Monday, Nov. 05, 1956

New Plays in Manhattan

Separate Tables (by Terence Rattigan) brings quicksilver to a Broadway season still lacking in blood. A big London hit, Separate Tables is as much stunt as drama in effect, as much production as play in appeal. The author of The Winslow Boy and 0 Mistress Mine has written two short plays with a shared background --a small, drab, English seaside hotel--and a recurrent roster of guests. In passing from one play to the other, only the two leading players, Margaret Leighton and Eric Portman--and they vary garishly--have new roles.

In Table by the Window they are a once-married couple who meet again after having messed up each other's lives. She is now a desperately chic, a self-seeking but unsought woman who might have married millions but is reduced to modeling and drugs. He, a once tough, talented proletarian who might have been a Labor cabinet minister, is reduced to penny-alining and drink. In Table Number Seven Actor Portman is a natty fraud who has largely invented a dashing military past and a sexually timid duffer who has been pinched for molesting women in cinemas. Actress Leighton is an angular, sniffiy spinster who loves the fraud whom her dragon of a mother exposes and tries to expel.

In both plays Rattigan sounds a like theme--expressed in the symbolism of separate tables--of the awful aloneness, the need for others, of the down-at-heel and down-at-heart. But otherwise, there is a sharp contrast between two lives badly lived and two not lived at all, and a glorious opportunity, on the stars' part, for virtuoso acting. Actor Portman changes as brilliantly from an enraged but powerless bull to a neatly clipped but bleating, lamb as does Actress Leighton from a hard, sick, glossy siren to a sick, quivering dowd. And, as staged by Peter Glenville, both productions are consistently adroit theater, full of gaudy character acting and authoritative ensemble playing.

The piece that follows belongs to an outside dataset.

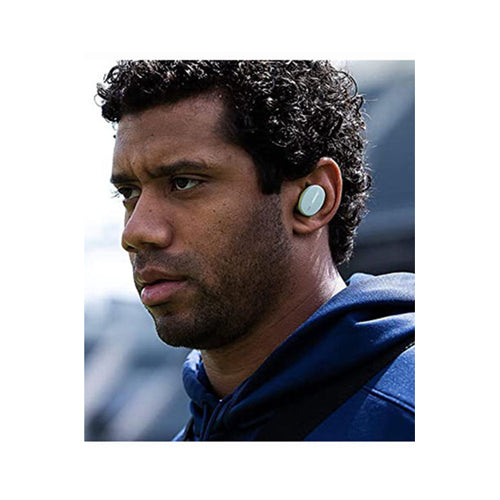 Bose Sports True Wireless Earbuds with Charging Case Glacier White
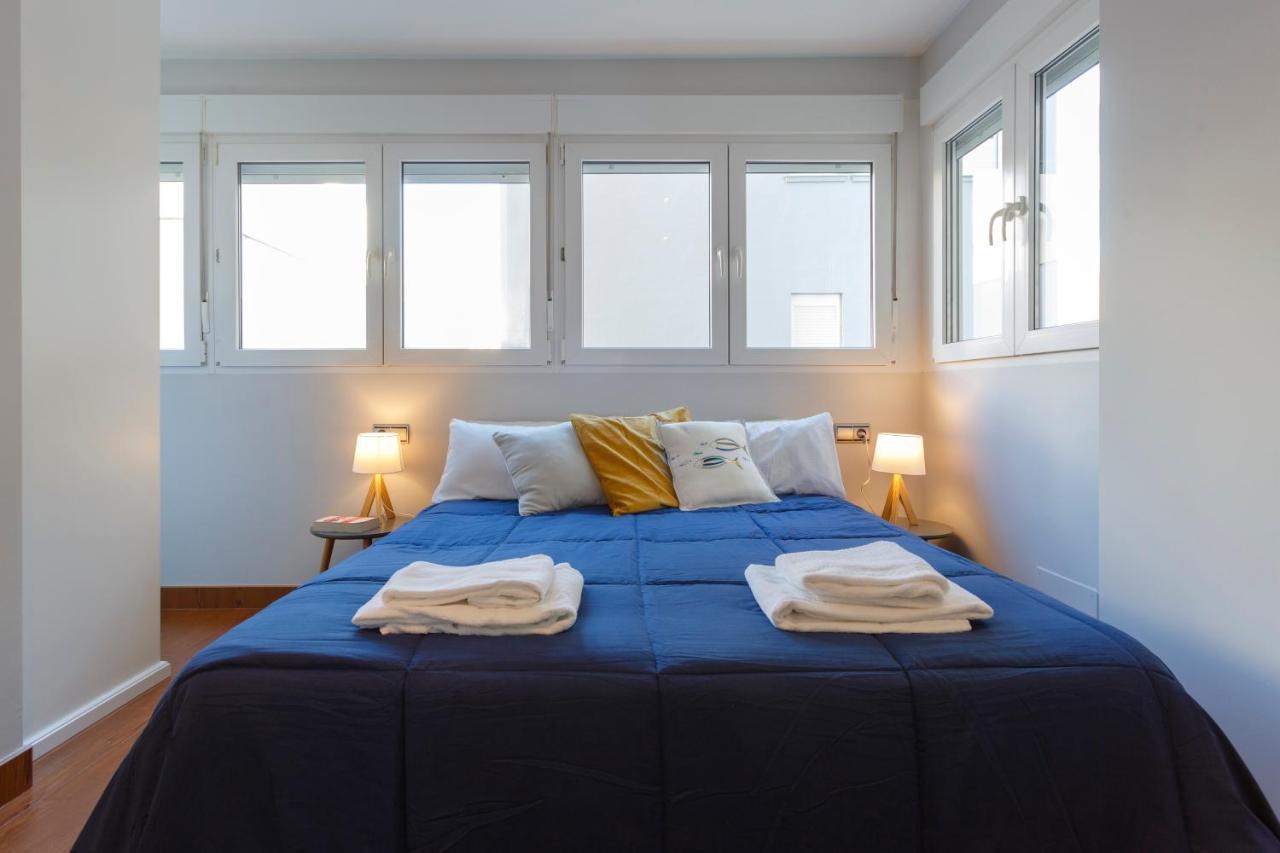 Horizonte Sunny Home By Cadiz4Rentals Экстерьер фото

Barring a certain garrulity, Playwright Rattigan has done his full share--in characterization and atmosphere, in sharp touches and emotional scenes--to make such stunt-writing prosper. Indeed, his vivid theater sense is a little disastrously triumphant. There are times when the first drama seems more than arrant make-believe, seems concerned with truth. Unfortunately, Playwright Rattigan has never had the courage of his conceptions, and here--as in The Deep Blue Sea--he wobbles into a miserable happy ending. And in the second play, where he might seem to be protesting against much that is amiss in English life, he emerges an example of much that is amiss with English playwriting: the engines are reversed, the sentimental faucets turned full on. Writers, too, have need of others, of the comforting arms of the public; but the artist's independence of stance, his solitary, separate-table vision, is his one source of lasting power. For him not to sup alone is almost certainly to sup with the Devil.

The Best House In Naples (adapted from the Italian of Eduardo de Filippo by F. Hugh Herbert) was the fourth play during October--normally a well-mannered and even patrician theater month --to set Broadway's teeth on edge. Like the other three, it promptly folded. A tale about a painter's bordello-bred mistress who after 23 years tricks him into marrying her, only to produce three grown-up sons, just one of whom--and she won't say which--is the painter's, The Best House in Naples quickly became as nonsensical and tedious as from the outset it was vulgar.